Business sectors that are declared open with certain requirements include the following:

• reserved for micro, small, medium-scale businesses and cooperatives;

• requiring partnership;

• requiring certain capital ownership;

• requiring certain location;

• requiring special licensing.

A full list of business sectors declared closed and open with certain requirements can be found in the Presidential Regulation No. 36 of 2010, which is significantly different from the previous regulation. It not only modifies the extent to which foreign investment is permitted, but also introduces new provisions to streamline processes and increase legal certainty to cultivate a more attractive investment environment.

On investment licensing, the Regulation of the Head of BKPM No. 1/P/2008 provides that an investor, be it domestic or foreign, must submit an application to the head of the Indonesia Investment Coordinating Board (BKPM). Once approved, the investor should further secure additional licences, permits and approvals for its investment’s implementation, including local government permits such as location permit, land title and building permit. Before commencement of commercial operation/production, a domestic/foreign capital investment company also needs to secure a business licence/permanent business licence.

For eligible investors, the investment law provides tax or financial incentives, ranging from a reduction of income tax, exemption or relief of import duty, exemptions or deferment of value-added tax, to land-building tax relief for some sectors in certain regions.

If there is any unsettled legal liability of an investor, an investigator or the Finance Ministry may request banks or other institutions to defer the right to transfer and/or repatriate certain concerned funds, and the court has the right to issue an injunction for the deferment of the right to transfer and/or repatriate.

As for dispute settlement forum, the investment law recognises various Indonesian courts and arbitration (both domestic and international).

COMPANY LAW: Law No. 40 of 2007 on Limited Liability Company (Company Law) was also adopted, revoking its predecessor: Law No. 1 of 1995.

Under the Company Law, an LLC is defined as a legal entity constituted by a capital association established by an agreement, to conduct business activities, with authorised capital entirely divided into shares. Shareholders of the company are not personally liable for agreements made on behalf of the company nor are they liable for the losses of the company in excess of the value of the shareholders’ shares.

An LLC must have at least two shareholders. Its deed of establishment contains its articles of association, drawn up before a notary after securing the proposed name of the LLC at the Ministry of Law and Human Rights (MOLHR). Application for approval for establishment of the company is submitted electronically to the MOLHR. If the application and supporting documents are in accordance with the relevant regulations, the MOLHR will immediately deliver electronically its non-objection to the application.

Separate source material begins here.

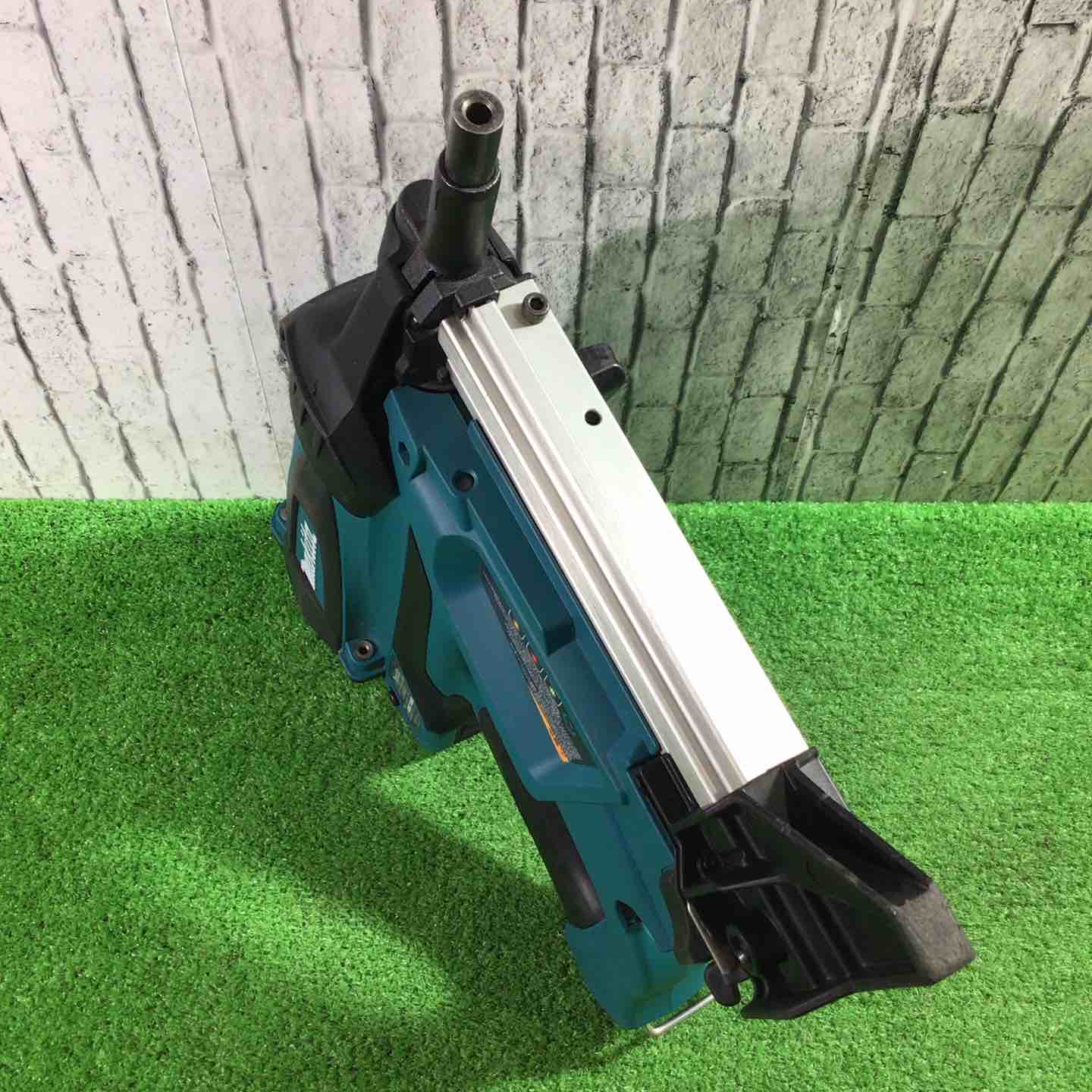 ☆マキタ(makita) コードレスコンクリート用ガスピン打ち機 GN420C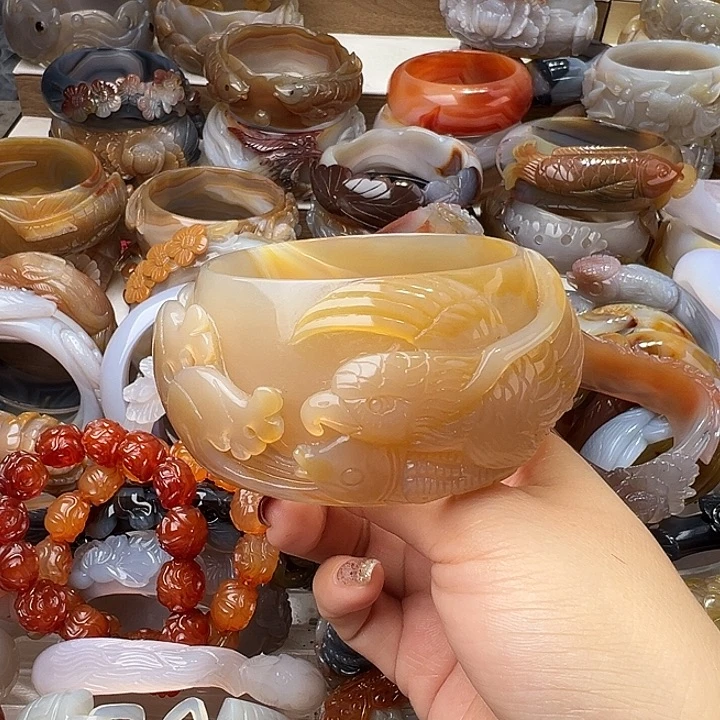 暮***雪玛瑙/玉髓未镶嵌手镯650一个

Within 30 days from the date of the non-objection letter, the applicant must physically deliver the application and supporting documents to the MOLHR. If all requirements are satisfied, the MOLHR will issue an approval decree, after which the company’s data will be entered into the Company Registry, followed by announcement in the supplement to the State Gazette.

Except for certain business sectors requiring higher capital based on regulations of the relevant sector, an LLC must have a minimum authorised capital of Rp50m ($6000), 25% of which must be issued and paid. The initial issued capital must be paid at the time of the establishment of the company. Further issuance of shares must be paid in full at the time of issuance.

A share gives its owner the right to (i) attend and vote in the general meeting of shareholders (GMS); (ii) receive payments of dividends and assets remaining after liquidation; and (iii) exercise other rights given by the Company Law. Shares of the company, however, may be issued in one or more classifications, such as shares with or without voting rights, or shares with special right to nominate members of the board of directors and/or the board of commissioners, or shares with preferred rights for the holders to receive assets remaining after the company’s liquidation, prior to holders of other classes of shares.

All LLCs must have:

• a board of directors that is responsible for the day-to-day management of the company;

• a board of commissioners that supervises and advises the board of directors; and

• a GMS, meaning any other authorities not delegated to the board of directors or commissioners.

The board of directors and board of commissioners must perform their tasks and duties in good faith and with full responsibility. Each member of the boards shall be personally liable if he or she commits wrongdoing or negligence in performing tasks or duties.

The GMS is the supreme organ of the company and is categorised into (i) an annual GMS and (ii) other GMSs (extraordinary GMSs). An annual GMS must be held, at the latest, six months after the end of the financial year, while an extraordinary GMS may be held any time deemed necessary for the interest of the company. Among the GMS’s powers are to appoint new members of both boards, to accept resignation of boards’ members of the previous period, and to receive submission of the annual report — including a financial report — of the company prepared by the board of directors. For certain types of companies, the financial report must be audited by a public accountant.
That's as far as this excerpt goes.